La puerta estaba cerrada. Llamé al timbre y, tras una larga espera, Mirja vino a abrirme. Me pareció que se quedaba confundida al verme allí.

—Buenas. He venido a hablar con el director del Coro —le expliqué.

—El descanso no es hasta dentro de diez minutos —dijo echando a andar hacia la sala de ensayos.

Había llegado algo temprano y daba la impresión de que Toivonen no tenía prisa para hacer una pausa, así que estuve unos veinte minutos presenciando los ensayos. Desde la puerta lateral de la sala tenía una magnífica vista, no sólo de todo el coro, sino también del sudoroso director.

La temporada de otoño aún no había comenzado, así que sólo habían asistido al ensayo unos veinte miembros. Había menos hombres que mujeres, con diferencia, y solamente un tenor además de Jyri y Timo. A pesar de que no eran muchos los congregados, el lugar resultaba poco espacioso. Incluso con las ventanas abiertas de par en par, el aire se notaba viciado.

Toivonen, al que todos solían llamar «el Desesperado», dirigía el coro subido en un podio. Era un hombre bajito y gordo, calvo y con una barba temblorosa de chivo, al estilo del cantante Juice Leskinen. Su forma de moverse al dirigir era cuando menos original. Al menos yo, que no tenía gran experiencia en el tema, era incapaz de distinguir cuál era el compás que llevaba, y menos aún cuál era el primer compás. El tipo tarareaba al dirigir —lo mismo le daba una voz que otra—, como si fuera el mismísimo Glenn Gould. La camisa, demasiado corta, se le salía continuamente de los pantalones, así que de vez en cuando se la remetía con torpeza. Me habían contado que antes de las actuaciones las chicas del coro tenían la costumbre de comprobar que tuviese el pelo en orden, el diapasón en el bolsillo y la bragueta cerrada. Tal vez hacerse el distraído era una forma de darse aires de artista.

—¡Los tenores que cierren el pico! —rugió de repente—. ¿Es que no sabéis solfeo? ¡Es un solo para el bajo!

Vi cómo el rostro de Timo enrojecía desconcertado. Jyri hizo una mueca sarcástica, satisfecho de la desgracia ajena.

—Vamos a empezar de nuevo, porque no habéis hecho más que meter la pata y confundiros. Sopranos y contraltos, quiero una diferencia clara entre las fusas con puntillo y los tresillos, al principio de la primera página. Y los bajos, ¡haced el favor de no arrastraros! ¡Desde el principio! Segundas sopranos, ¡a ver ese re!

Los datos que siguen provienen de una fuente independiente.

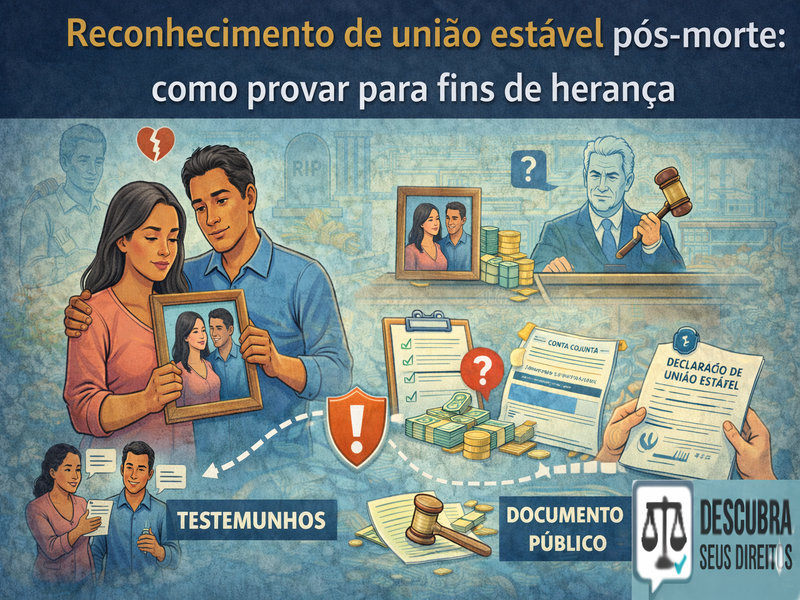 Reconhecimento de união estável pós-morte: como provar para fins de herança
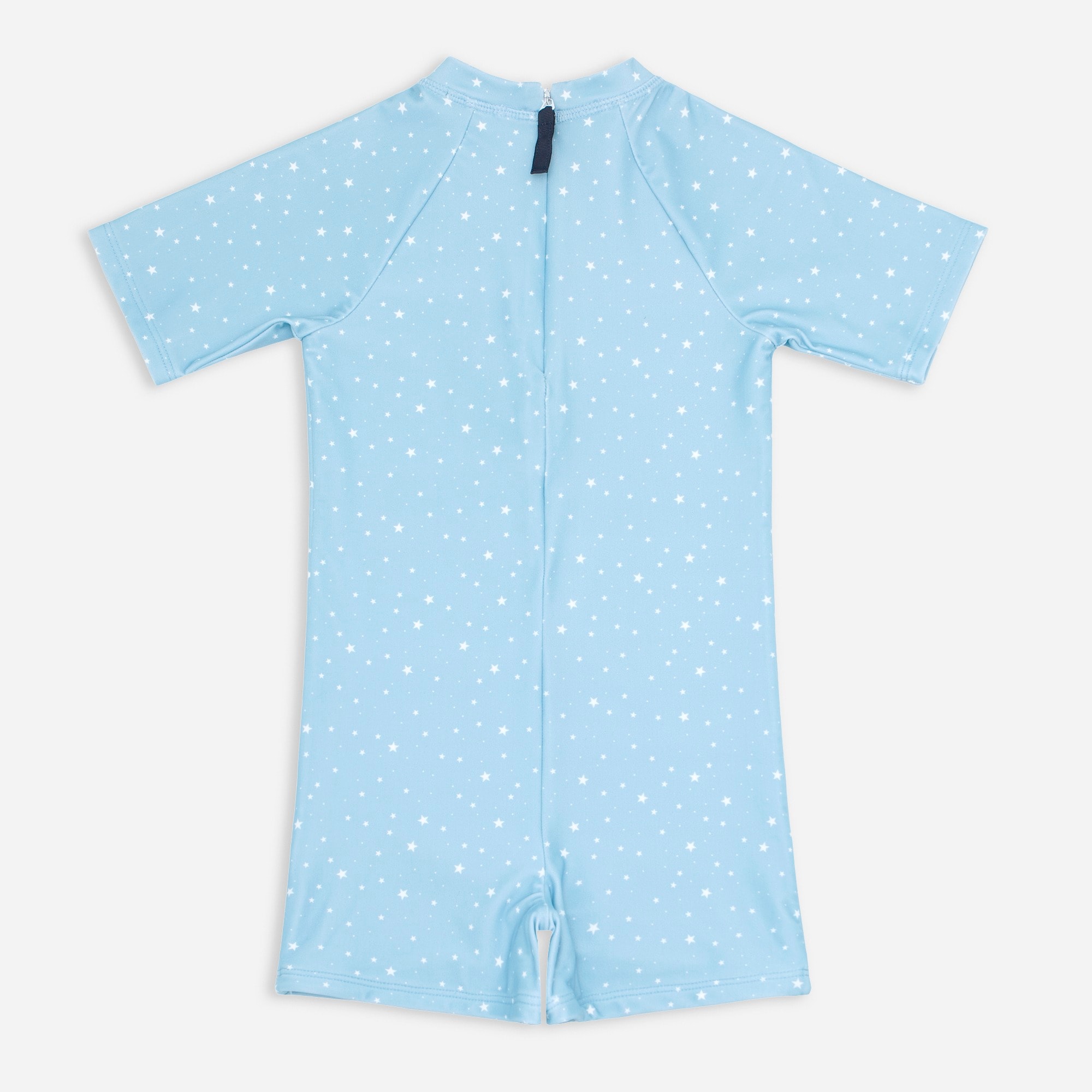 Kids' minnow short-sleeve rash guard one-piece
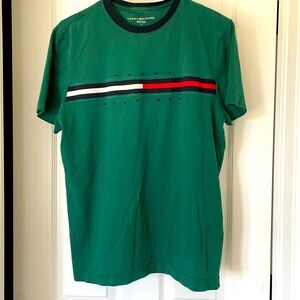 Green Tommy Hilfiger short Sleeve Crew Neck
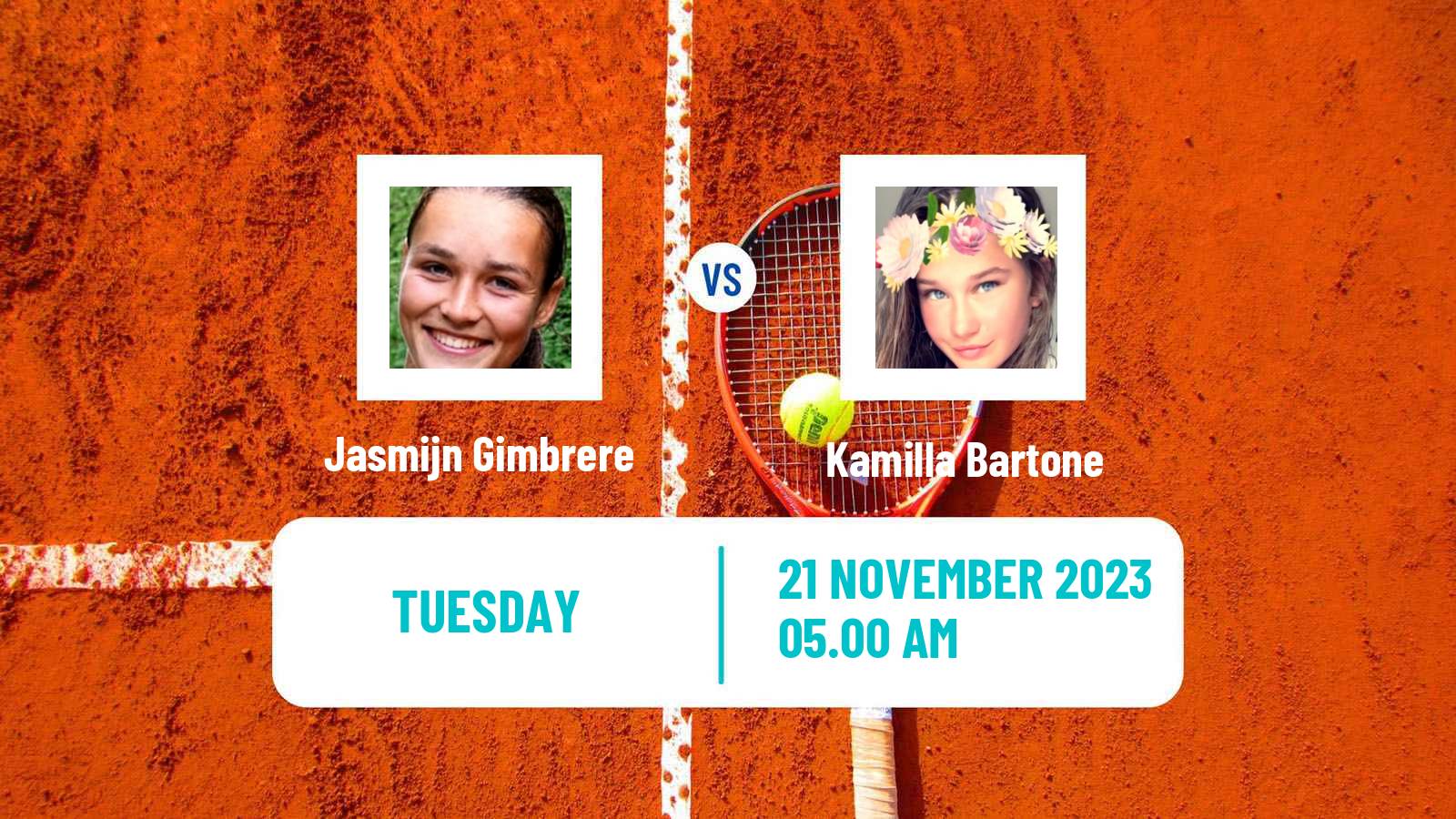 Tennis ITF W25 Ortisei Women Jasmijn Gimbrere - Kamilla Bartone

Toivonen obtuvo por lo menos dos versiones diferentes de la nota que había pedido. Las otras voces suspiraron exasperadas. Al parecer, la misma escena se había repetido ya innumerables veces.

—La primera versión era la correcta —observó Toivonen con sequedad, haciendo de nuevo la señal de comienzo a las segundas sopranos.

Al principio no se oyó ni un suspiro. Alguien se atrevió a empezar, sin embargo, aunque con mucha inseguridad. De la fila de contraltos surgió una voz que pretendía dar el tono, pero el intento acabó en desbarajuste colectivo.

—¡Mirja, haz el favor de estarte calladita, que no haces más que liarla! —gritó Piia con una soberbia sorprendente.

—Pero ¿se puede saber qué os pasa con el comienzo? —les preguntó Toivonen rascándose la calva.

—Sabiendo lo que disfrutan los demás cada vez que metemos la pata, cualquiera empieza... —dijo una pelirroja gordita con expresión agobiada que estaba al lado de Piia.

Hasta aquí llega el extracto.